In 1991, Cooke's husband was appointed Governor-General; he had previously been a People's National Party politician. She supervised the running of King's House during his 15-year tenure, and cultivated vegetable gardens on the grounds as well as raising goats, rabbits, cattle, and chickens. She had a particular interest in music, serving as patron of the Jamaica Independence Festival and starting the tradition of annual Christmas concerts at King's House.

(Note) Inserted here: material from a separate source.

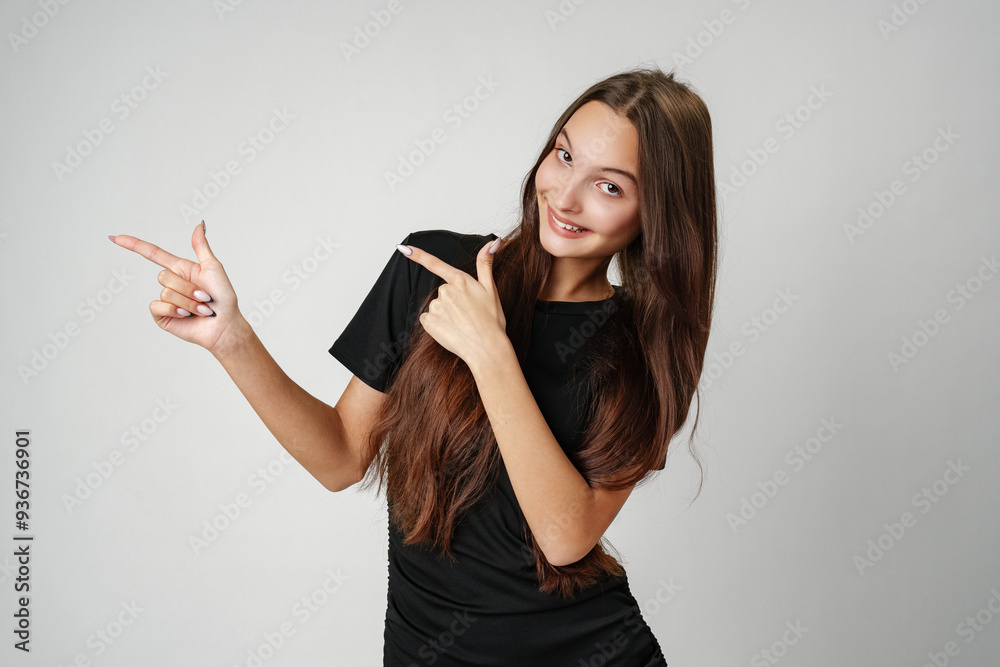Young Woman Pointing to Copy Space Against a Light Background Young Woman Pointing to Copy Space Against a Light Background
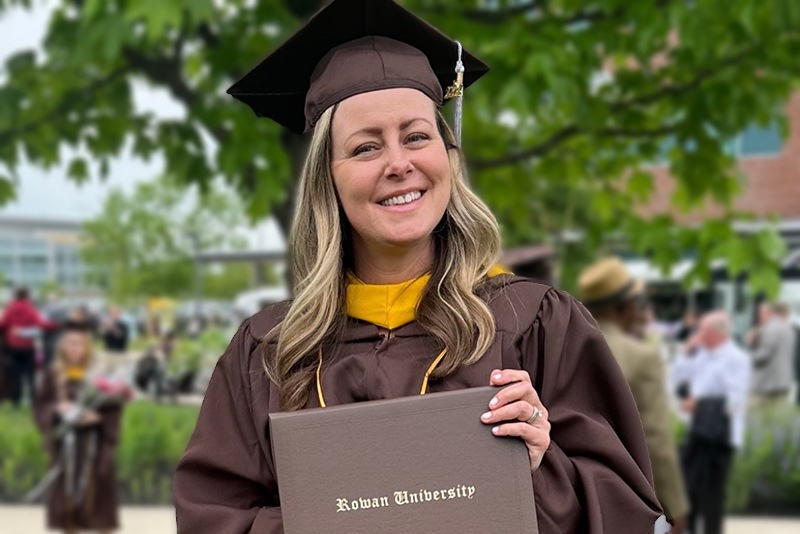 nursing student smiling, wearing cap and gown and holding a Rowan University degree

Cooke was 89 years when her husband left office, and he was 90. They retired to Brandon Hill, in Montego Bay Jamaica, and celebrated their 70th wedding anniversary in 2009. Sir Howard Cooke died in July 2014, aged 98, mere days before the couple's 75th wedding anniversary. Lady Ivy Cooke died in June 2017, 22 days before what would have been her 101st birthday. She was given a state funeral, and interred at the National Heroes Park in Kingston.

Her death was noted in the Parliament of Jamaica, with both Prime Minister Andrew Holness and Leader of the Opposition Peter Phillips making condolence statements.